Fête du Baptême du Seigneur

Evangile

Suite du saint Évangile de notre Seigneur
Jésus-Christ selon Saint Marc (I 7-11).

Jean-Baptiste proclamait dans le désert[1] : « Voici venir derrière moi[2] celui qui est plus puissant que moi[3]. Je ne suis pas digne de me courber à ses pieds pour défaire la courroie de ses sandales[4]. Moi, je vous ai baptisés dans l'eau[5] ; lui vous baptisera dans l'Esprit Saint[6]. »

Or, à cette époque, Jésus vint de Nazareth, ville de Galilée[7], et se fit baptiser[8] par Jean dans le Jourdain[9]. Au moment où il sortait de l'eau, Jésus vit le ciel se déchirer[10] et l'Esprit descendre sur lui[11] comme une colombe[12]. Du ciel[13], une voix se fit entendre : « C'est toi mon Fils bien-aimé[14] ; en toi j'ai mis tout mon amour.[15] »


Textes liturgiques © AELF, Paris


[1] « Voici que j'envoie mon messager devant toi, pour préparer ta route. A travers le désert, une voix crie : Préparez le chemin du Seigneur, aplanissez sa route. » Et Jean le Baptiste parut dans le désert. Il proclamait un baptême de conversion pour le pardon des péchés (Evangile selon saint Marc, I 2-4).

Consolez, consolez mon peuple. Parlez au cœur de Jérusalem et proclamez que son service est accompli, que son crime est pardonné, et qu'elle a reçu de la main du Seigneur double punition pour toutes ses fautes. Une voix proclame : « Préparez à travers le désert le chemin du Seigneur. Tracez dans les terres arides une route aplanie pour notre Dieu. Tout ravin sera comblé, toute montagne et toute colline seront abaissées, les passages tortueux deviendront droits et les escarpements seront changés en plaine. Alors la gloire du Seigneur se révélera et tous en même temps verront que la bouche du Seigneur a parlé » (Isaïe, XL 3-5).

Désert : erèmos, lieu vide et délaissé, région quasi inhabitée, sorte de garrigue inculte. Le désert est un lieu privilégié de rencontre avec Dieu (évangile selon saint Marc, I 35 ; VI 31, VI 35), une région solitaire et dangereuse (II Corinthiens, XI 26 ; Hébreux, XI 38) où errent les démons (évangile selon saint Matthieu, XII 43 ; évangile selon saint Luc, VIII 29), lieu de refuge (Actes des Apôtres, XXI 38), d'épreuves (évangile selon saint Matthieu, IV 11 ; évangile selon saint Marc, I 13 ; évangile selon saint Luc, IV 2) et de prière (évangile selon saint Marc, I 35 ; évangile selon saint Marc, VI 31 ; évangile selon saint Marc, VI 35 ; évangile selon saint Luc, V 16).

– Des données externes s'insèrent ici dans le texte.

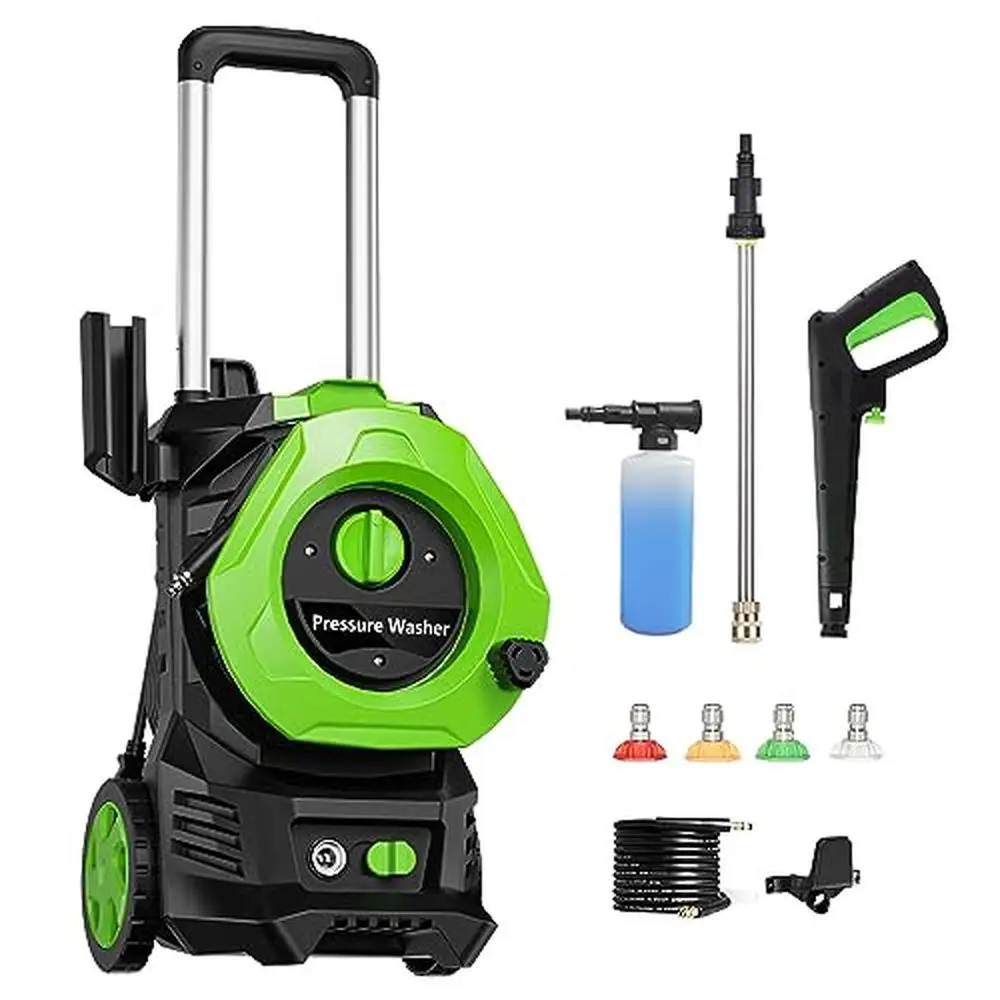 

Electric Power Washer 4000PSI Max 2.7 GPM High Pressure with 4 Nozzles 25FT Hose Soap Tank Total Stop System Portable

Il avait dû se former au désert, celui qui devait venir dans la vertu et l’esprit d’Elie ; il avait dû se séparer de tout commerce avec les hommes, afin de se séparer de leurs erreurs et de leurs préjugés, et d’être tout entier à la contemplation des choses invisibles. Et parce que toutes ses pensées et ses désirs étaient tournés vers Dieu, il arriva à posséder la grâce plus que tous les autres prophètes (saint Grégoire de Nysse : De virginitate, VI).

[2] Le baptême de Jean préparait à la grâce de trois façons : par l’enseignement qui l’accompagnait et qui préparait les hommes à la foi du Christ ; par l’idée qu’il donnait du baptême du Christ ; par la pénitence qui préparait les hommes à recevoir l’effet du baptême du Christ (saint Thomas d’Aquin : « Somme Théologique », III° partie, question 38).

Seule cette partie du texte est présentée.